• [PROBLEM TO WORK ON]: Pictures are not part of the answer. Write out exactly the lines from the one containing "AZLMJXH Cake Stand" through the end of the material below.

• [DATA SUPPLIED]:
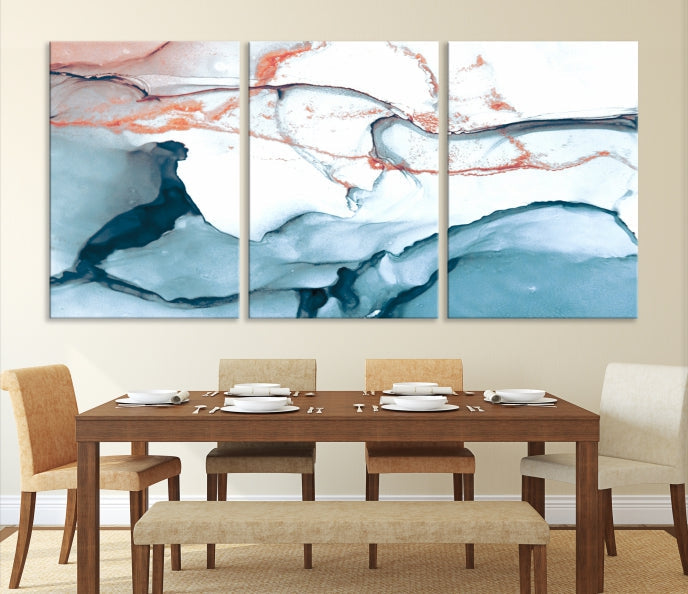 Ice Blue and Rose Gold Marble Abstract Wall Art Large Modern Canvas Print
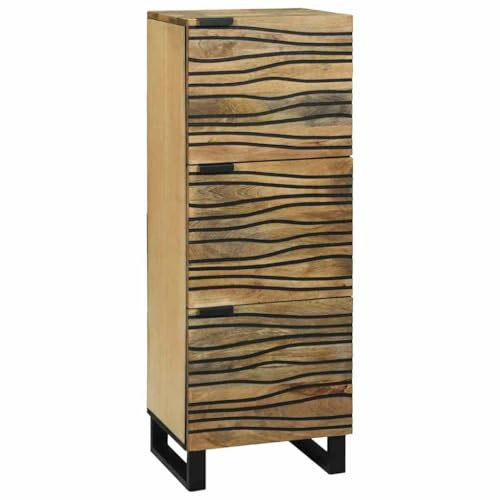 vidaXL Highboard aus massivem Mango-Holz mit 3 Türen – Praktische Aufbewahrung für Wohnzimmer, Homeoffice, Schlafzimmer, Sideboard, Essbereich, rustikales Design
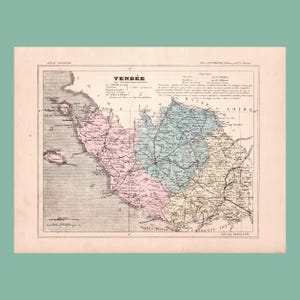 Mapa antiguo de Vendée (1896) / F. de la Brugère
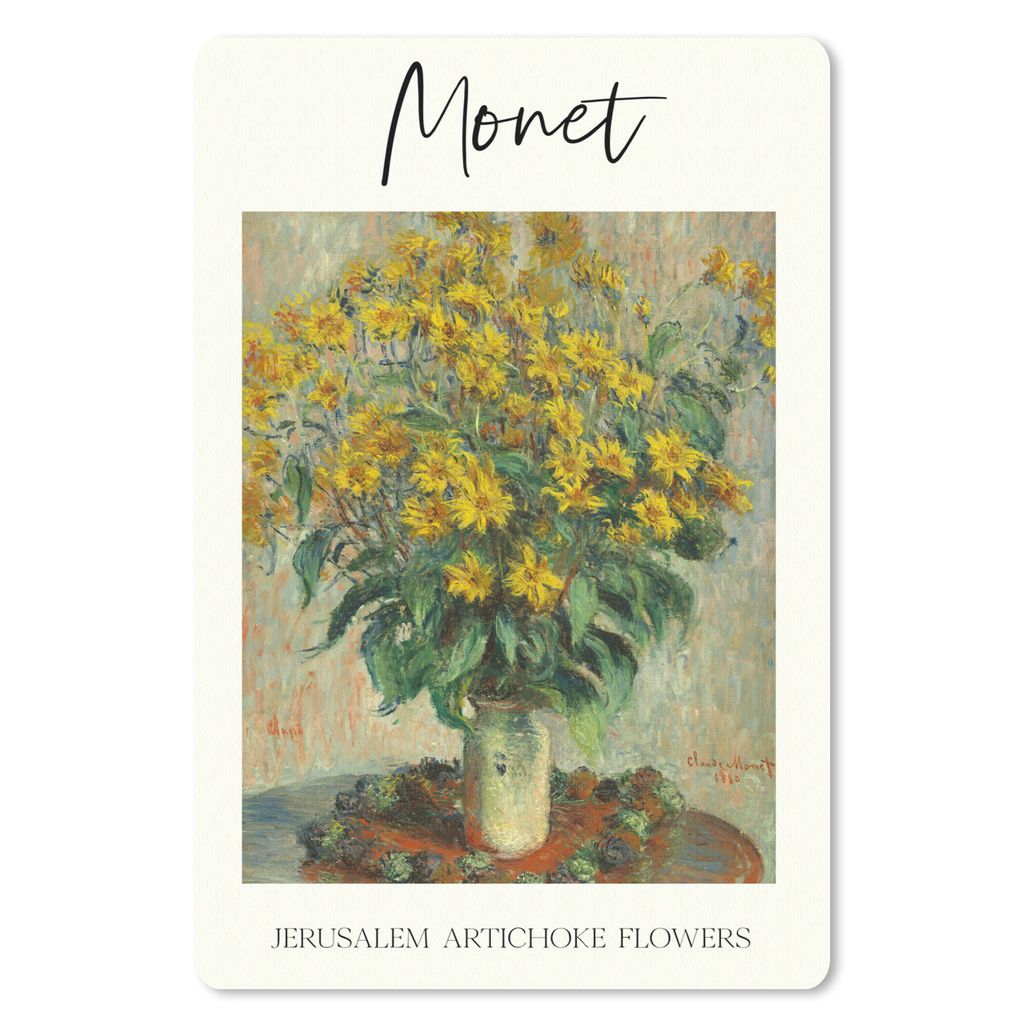 MuchoWow Mauspad Mousepad Gemälde - Monet - Topinamburblüten 40x60 cm - Mousepads - Maus Mat - Pad - Mausunterlage - Schreibtisch Accesoire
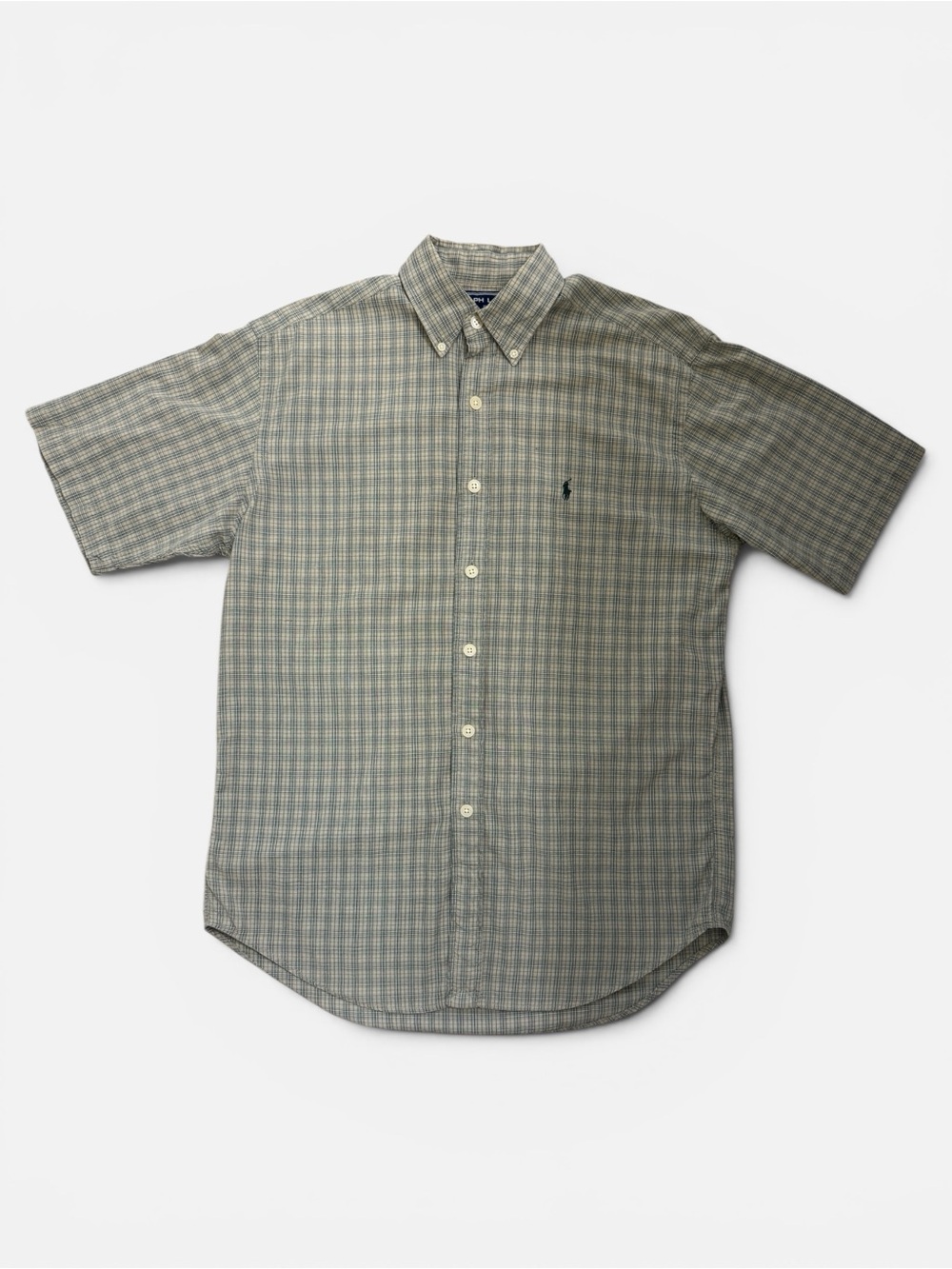 VTG Ralph Lauren Sport Green Plaid Short Sleeve Button Down Shirt Men’s Sz M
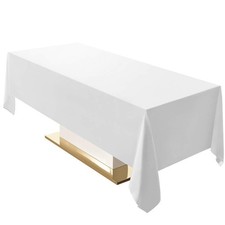 White Rectangle Tablecloth 60 x 120-inch Rectangular Polyester Table Cloth fo...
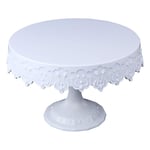 AZLMJXH Cake Stand Plastic Cake Decorating Retro Turntable Stand(8.9''x5.9'') for Wedding Decoration (Color : White)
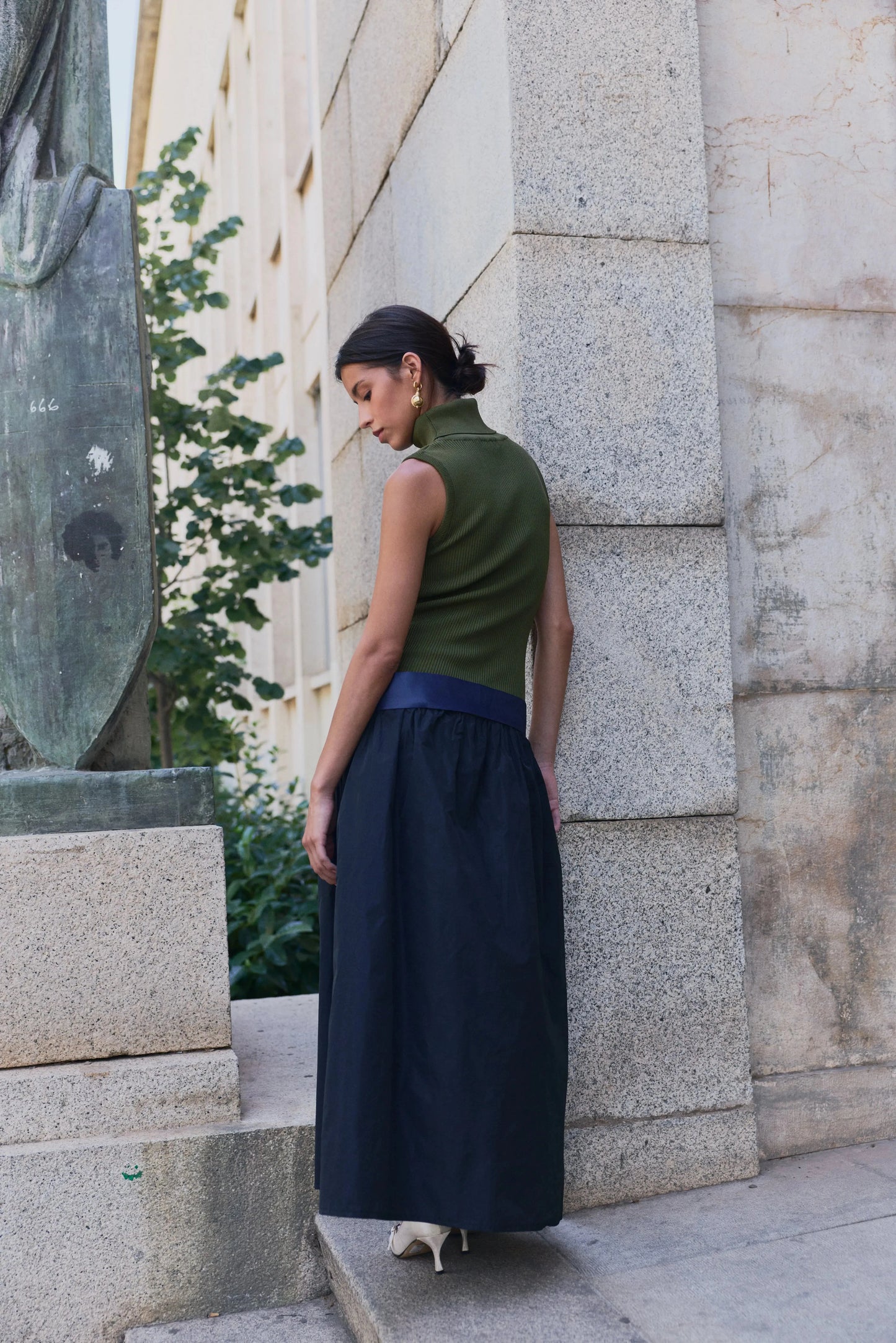 Frida Dress Bow Military Green Dresses Laia Alen 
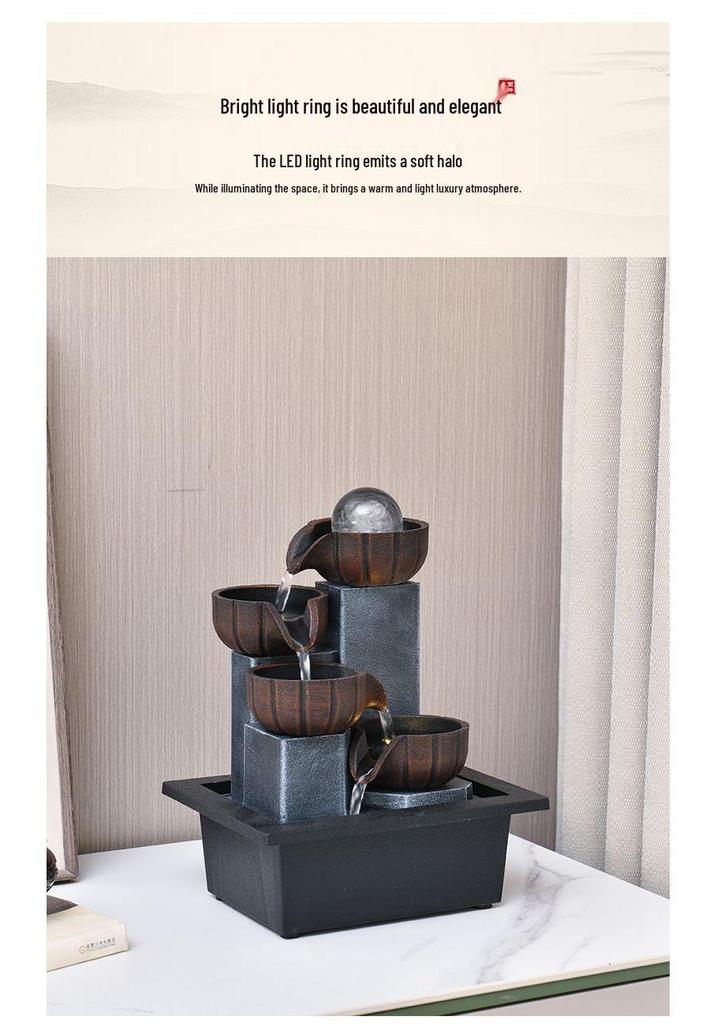 Popular Resin Water Feature: Small Zen Desktop Fountain for Wealth and Tranquility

• [TASK RESULT]:
 AZLMJXH Cake Stand Plastic Cake Decorating Retro Turntable Stand(8.9''x5.9'') for Wedding Decoration (Color : White)
 Frida Dress Bow Military Green Dresses Laia Alen 
 Popular Resin Water Feature: Small Zen Desktop Fountain for Wealth and Tranquility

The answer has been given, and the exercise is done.